# EZARC.msi file not found



## iamkihn (Sep 13, 2006)

What in the world is this file my PC keeps looking for??

The feature you are tring to use is on a network resource that is unavailable

Look for folder containing the installation package "MyDVD.msi"
It keeps looking in c:\hp\tmp\src\

Oddly enugh, I am not trying to use any program. It pops up at startup and windows installer keeps popping up over and over again>>>>>??????????????


----------



## robbet10 (Sep 13, 2006)

iamkihn said:


> What in the world is this file my PC keeps looking for??
> 
> The feature you are tring to use is on a network resource that is unavailable
> 
> ...


----------



## Julichimp (Nov 26, 2006)

Look, some file related to sonic is corrupted. You need to unable the DMAScheduler, it's easy. Follow this:
Start
Run
Type MSCONFIG click Ok
Go to Startup
Click the DMAScheduler (to unable it)
Click OK
Restart

It's ok, I just did it.:up:


----------



## jojosmommy (Apr 18, 2007)

every time i start my computer,this window appears saying folder not found,ive tried to DMA scheduler,but mine says disable,or enable all what do i do?


----------



## Julichimp (Nov 26, 2006)

You need to disable it, just make sure you don't Disable All, because that will affect all the programs that automatically start when you turn on your pc.


----------



## mochasue (Aug 6, 2007)

I had the same problem and tried all of the solutions listed on these pages.
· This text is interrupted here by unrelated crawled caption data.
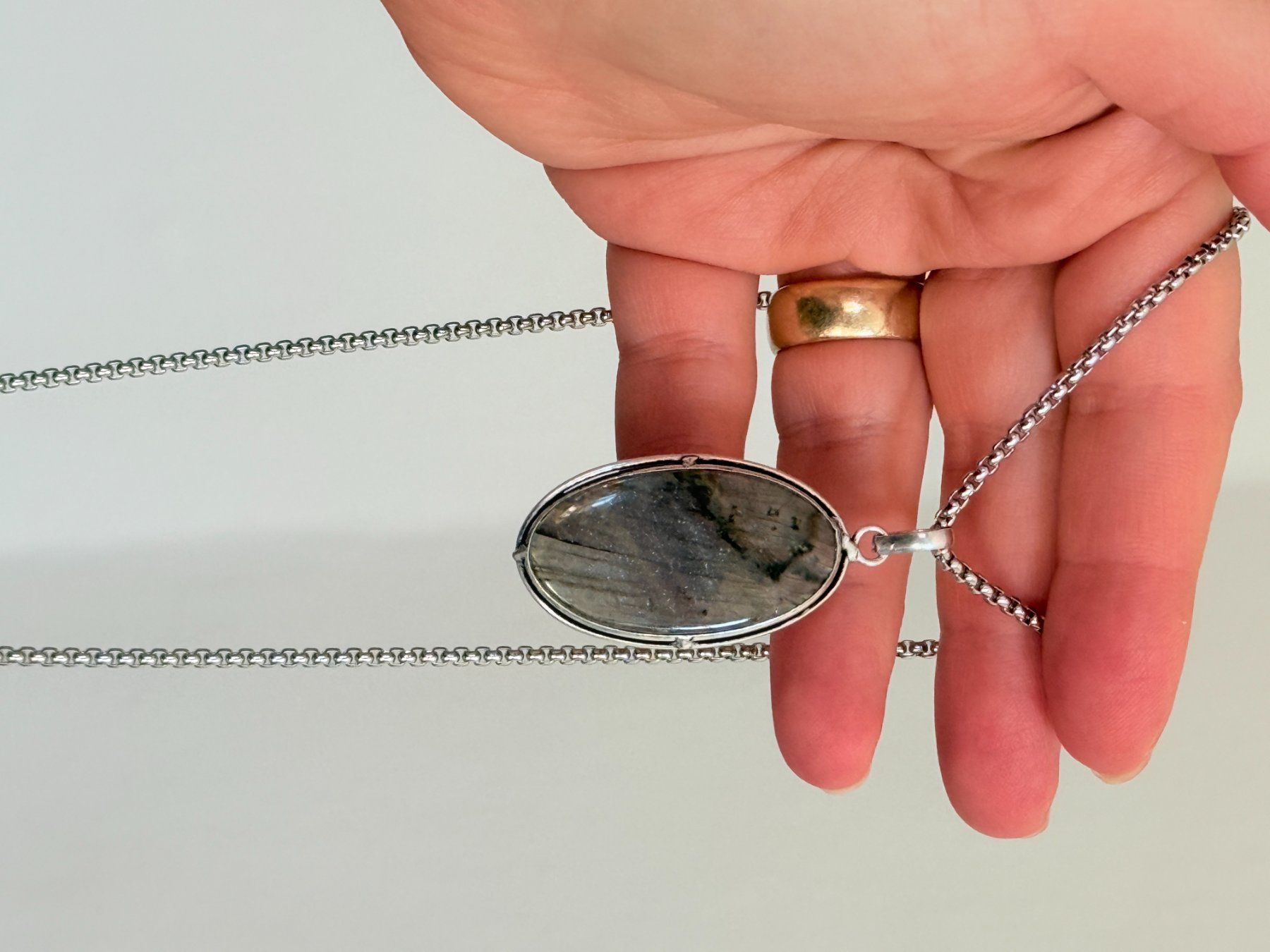 Catenine: Collier avec Labradorite – Nuovo e nell'imballaggio originale da Genève venduto da AWWA 2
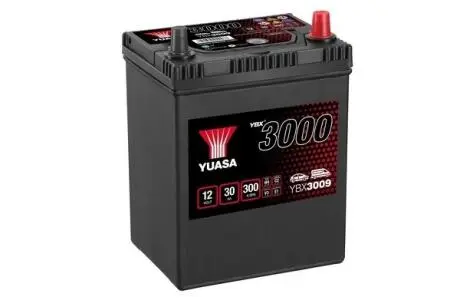 Акумулятор 12В 30Агод./300А YBX3000 SMF (R+ тонкі клеми (японські транспортні засоби)) 167x129x223 B00 (пусковий) YUASA YBX3009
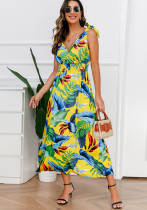 Women Hawaiian Beach Print Maxi Dress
Most of them did not work because it said an installer was already running, which was probably the EZARC.msi. Mine started happening when I uninstalled Yahoo IM. I finally downloaded RegCure (from regcure.com) and had it run a scan. It found something like 768 registry errors. It would only fix a couple unless you purchased, which I did for $29.99. Ran the scan, had it fix and EZARC.msi has disappeared. I figure I can always use it in the future. Good luck!


----------